Dear Atlassian Judges,

My name is Thao, and I’m one of the developers behind this app. Thank you for giving us the opportunity to share our pain points as Atlassian users and to showcase our idea. We have learnt so much throughout this hackathon.

We fully understand that our developing app, in its current state, has limitations given the very limited time span to learn everything about the Atlassian Forge platform from scratch. Our main goal was to deliver a working solution that clearly demonstrates how we can better works with comments. As long‑time Confluence users (personally, I’ve been using Confluence for years), we genuinely believe our Heatmap hackathon idea can benefit many of your customers.

Our original plan was to integrate AI capabilities (Rovo) so that the most important sections could be identified through intelligent analysis rather than a simple comment‑count–based approach.

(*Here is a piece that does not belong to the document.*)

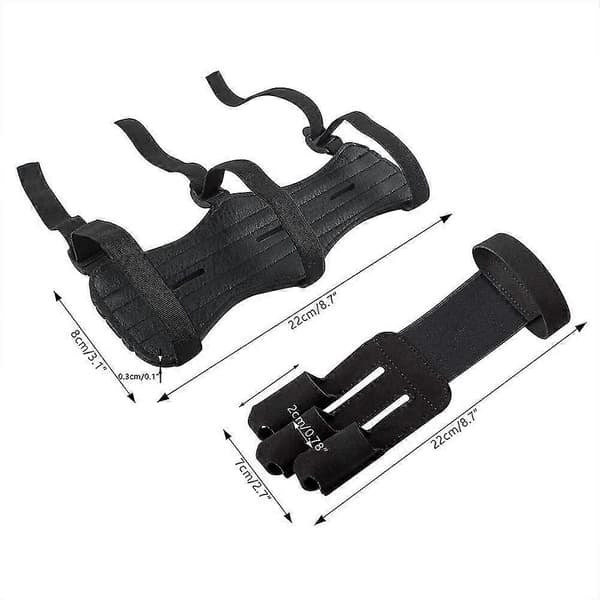 Straight Draw Bow Thickened Arm Guard and Finger Guard (2 Pieces)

However, at the moment, Rovo APIs, SDKs, and modules are still quite limited within the Confluence full‑page module, which constrained what we could realistically implement. However, we strongly believe rovo implementation is an area that will continue to evolve, and that deeper Rovo integration will become much easier and more powerful in the future for developers' applications.

While the idea is still raw, we believe it is both practical and impactful. We hope the Atlassian team can see the potential here, and how powerful this could be if it becomes a core feature within Confluence.

Thank you again for your time and consideration. I hope everyone is enjoying quality time with their loved ones this festive season.